Give back each line of the material that contains the word "Pendant".
BEGIN Supplied information
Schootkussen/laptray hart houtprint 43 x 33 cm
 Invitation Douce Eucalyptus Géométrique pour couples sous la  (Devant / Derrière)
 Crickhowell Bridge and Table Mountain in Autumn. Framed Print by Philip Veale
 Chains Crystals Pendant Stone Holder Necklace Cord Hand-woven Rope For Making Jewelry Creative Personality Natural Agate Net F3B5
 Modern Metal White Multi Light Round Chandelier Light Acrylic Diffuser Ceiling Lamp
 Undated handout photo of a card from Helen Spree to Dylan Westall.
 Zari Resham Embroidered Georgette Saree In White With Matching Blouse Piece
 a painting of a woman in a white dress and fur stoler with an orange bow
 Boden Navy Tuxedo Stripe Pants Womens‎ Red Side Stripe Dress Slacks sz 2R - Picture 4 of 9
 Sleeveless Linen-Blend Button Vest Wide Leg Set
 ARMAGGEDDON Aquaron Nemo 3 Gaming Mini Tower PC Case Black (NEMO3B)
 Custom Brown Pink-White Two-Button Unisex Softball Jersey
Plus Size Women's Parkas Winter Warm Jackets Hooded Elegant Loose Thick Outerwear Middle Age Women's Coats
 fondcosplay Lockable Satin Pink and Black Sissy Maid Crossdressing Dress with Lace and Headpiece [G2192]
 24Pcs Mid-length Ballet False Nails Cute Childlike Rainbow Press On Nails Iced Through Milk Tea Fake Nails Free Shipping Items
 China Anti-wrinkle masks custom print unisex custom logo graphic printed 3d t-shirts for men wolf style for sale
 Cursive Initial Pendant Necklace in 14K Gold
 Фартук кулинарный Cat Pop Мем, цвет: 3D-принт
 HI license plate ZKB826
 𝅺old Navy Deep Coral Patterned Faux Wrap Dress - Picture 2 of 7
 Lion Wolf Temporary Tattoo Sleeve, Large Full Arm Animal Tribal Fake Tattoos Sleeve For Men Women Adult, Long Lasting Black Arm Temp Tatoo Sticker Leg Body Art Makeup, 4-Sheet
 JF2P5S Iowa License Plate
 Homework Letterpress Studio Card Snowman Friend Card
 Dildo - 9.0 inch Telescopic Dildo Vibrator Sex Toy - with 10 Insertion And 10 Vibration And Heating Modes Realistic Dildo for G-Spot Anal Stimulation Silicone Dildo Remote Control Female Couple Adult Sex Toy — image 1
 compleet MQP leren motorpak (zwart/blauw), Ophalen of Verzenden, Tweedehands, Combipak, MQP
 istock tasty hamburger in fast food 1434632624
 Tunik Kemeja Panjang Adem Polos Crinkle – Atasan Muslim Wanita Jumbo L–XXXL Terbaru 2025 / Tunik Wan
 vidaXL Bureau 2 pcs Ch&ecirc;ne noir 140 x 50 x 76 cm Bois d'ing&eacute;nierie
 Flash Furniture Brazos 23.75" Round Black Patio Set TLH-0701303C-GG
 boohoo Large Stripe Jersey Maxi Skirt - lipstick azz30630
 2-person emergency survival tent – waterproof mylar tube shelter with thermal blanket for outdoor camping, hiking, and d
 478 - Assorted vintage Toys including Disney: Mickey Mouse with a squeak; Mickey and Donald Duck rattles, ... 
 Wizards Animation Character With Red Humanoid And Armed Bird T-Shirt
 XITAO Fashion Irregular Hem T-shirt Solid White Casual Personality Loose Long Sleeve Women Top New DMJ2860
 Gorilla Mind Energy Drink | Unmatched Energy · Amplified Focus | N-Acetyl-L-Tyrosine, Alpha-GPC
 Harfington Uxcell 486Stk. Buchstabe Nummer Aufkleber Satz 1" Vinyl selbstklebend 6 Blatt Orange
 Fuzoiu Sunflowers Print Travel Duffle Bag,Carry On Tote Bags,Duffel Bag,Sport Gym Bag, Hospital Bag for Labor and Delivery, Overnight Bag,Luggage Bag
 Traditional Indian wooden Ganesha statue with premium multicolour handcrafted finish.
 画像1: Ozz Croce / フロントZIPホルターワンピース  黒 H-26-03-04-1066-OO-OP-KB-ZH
END Supplied information
*Result*
 Chains Crystals Pendant Stone Holder Necklace Cord Hand-woven Rope For Making Jewelry Creative Personality Natural Agate Net F3B5
 Cursive Initial Pendant Necklace in 14K Gold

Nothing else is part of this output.